Sep 4, 2016

Band of sisters

Former US secretary of state Madeline Albright while endorsing Hillary Clinton, went so far to say, “There’s a special place in hell for women who don’t help each other!”  There was this comment in twitter and this article in Women’sweb both echoing the often repeated sentiment about women not helping other women. At the risk of generalizing, I have mostly found women more collaborative, and inclusive.  I believe, with no empirical data I must admit, that women would be somewhat uncomfortable at the idea of getting ahead by betraying the sisterhood, er… by betraying anyone.  So I wondered where this view came from - that women are each other’s worst enemies. That somehow, we don’t look out for each other as much as men, or any other fraternity.

Historically, this could have been because in the past most of women’s achievements were in the context of a man - father, son, husband, lover, captor... and there was no incentive to group together, there weren't a lot of opportunities to build nations or enterprises. But then that begs the question, are we still viewing everything in the context of the men in our lives? Why are women still not helping each other, if indeed they are not?

Perhaps over the centuries, women have not belonged to groups enough to believe in the idea of fraternities. Like soldiers banding together and standing together, sometime at great cost. Let’s face it, that might not be a bad thing after all. But this could mean every opportunity to help another woman stands on its own merit and our sense of identity outside the gender, moral values, and worldview takes precedence and trumps notions of sisterhood. Sharing XX chromosomes is not strong enough a bond.

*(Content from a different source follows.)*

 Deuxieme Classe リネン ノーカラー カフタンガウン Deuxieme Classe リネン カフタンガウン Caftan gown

For example, when another woman sufficiently deviates from our notions of propriety, we are not kinder, are not helpful and worse are critical and antagonistic. Like towards those women who wear tight or skimpy clothing, who are bikers or those who choose to remain single or childless. Like when we don’t think it is incumbent upon us to smooth the path for women following us, be it through sharing a word of wisdom or helping someone with a job opportunity.

The thing though, while we might not have fully caught on to the feeling of solidarity yet, just glancing through news items from across the world shows we are being subject to sufficiently similar experiences irrespective of say geography or race. Women in the workforce, women entering into arenas that are traditionally male bastions, women trying to balance or even understand their traditional role in the context of new opportunities are undergoing common experiences, slowly forging a common identity.

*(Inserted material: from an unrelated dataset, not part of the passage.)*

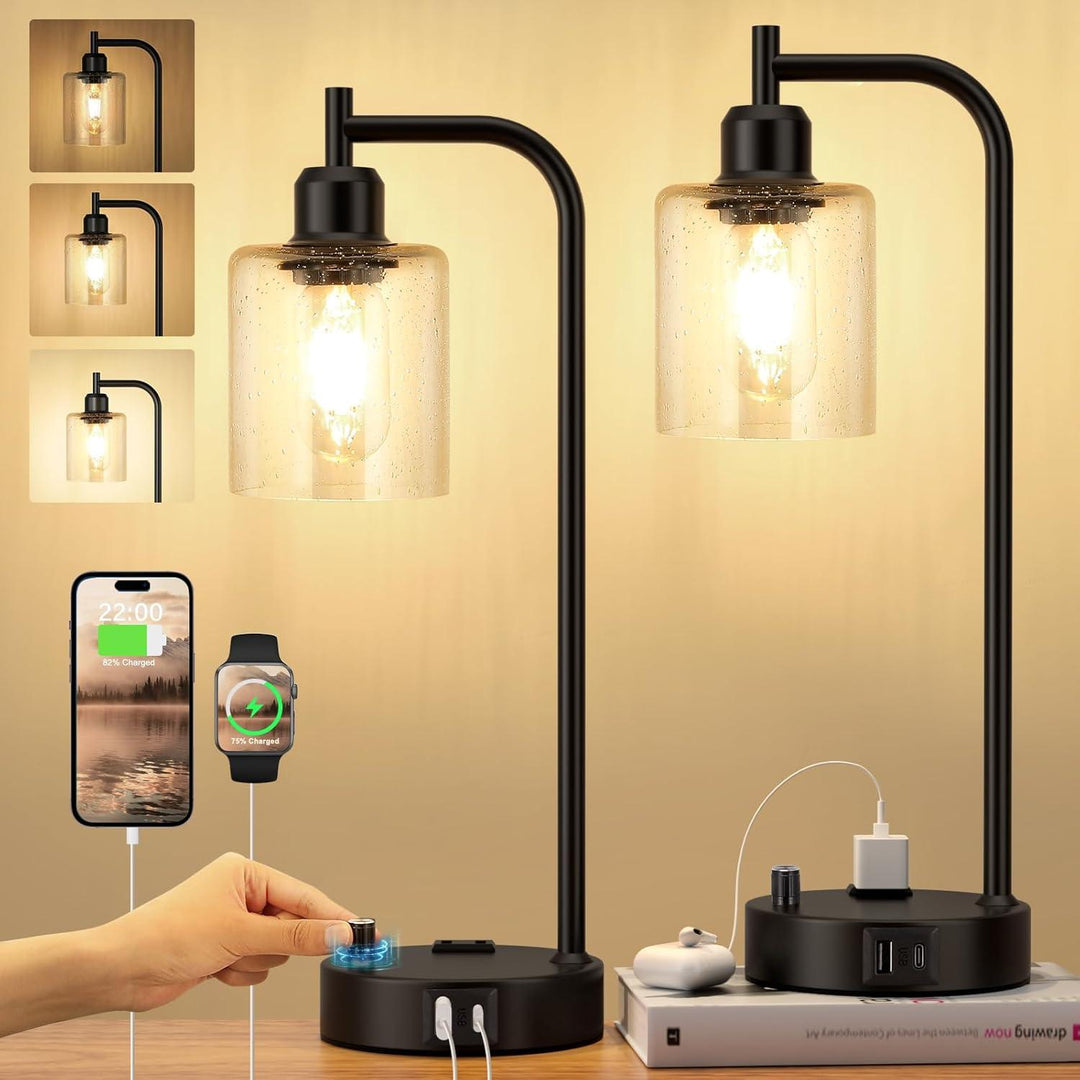 Lampe de table industrielle dimmable noire, LED, avec port USB-C. Idéale pour salon ou chambre.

Voices that are imploring women to help other women are essentially alerting us to examine our role in this world. They are not necessarily calls for preferential treatment that is unfair or unreasonable.  They are just timely reminders to us to acknowledge this identity, if not above, at the same importance as others. And that after acknowledgement comes responsibility.

This long article is worth reading; but if you don't have the time, the last line says it all.

P.S : Irrespective of the perception or reality of women not helping others, I for one wouldn’t be where I am today if not for the help that I have received from other women. I am grateful for that and I hope to repay that debt.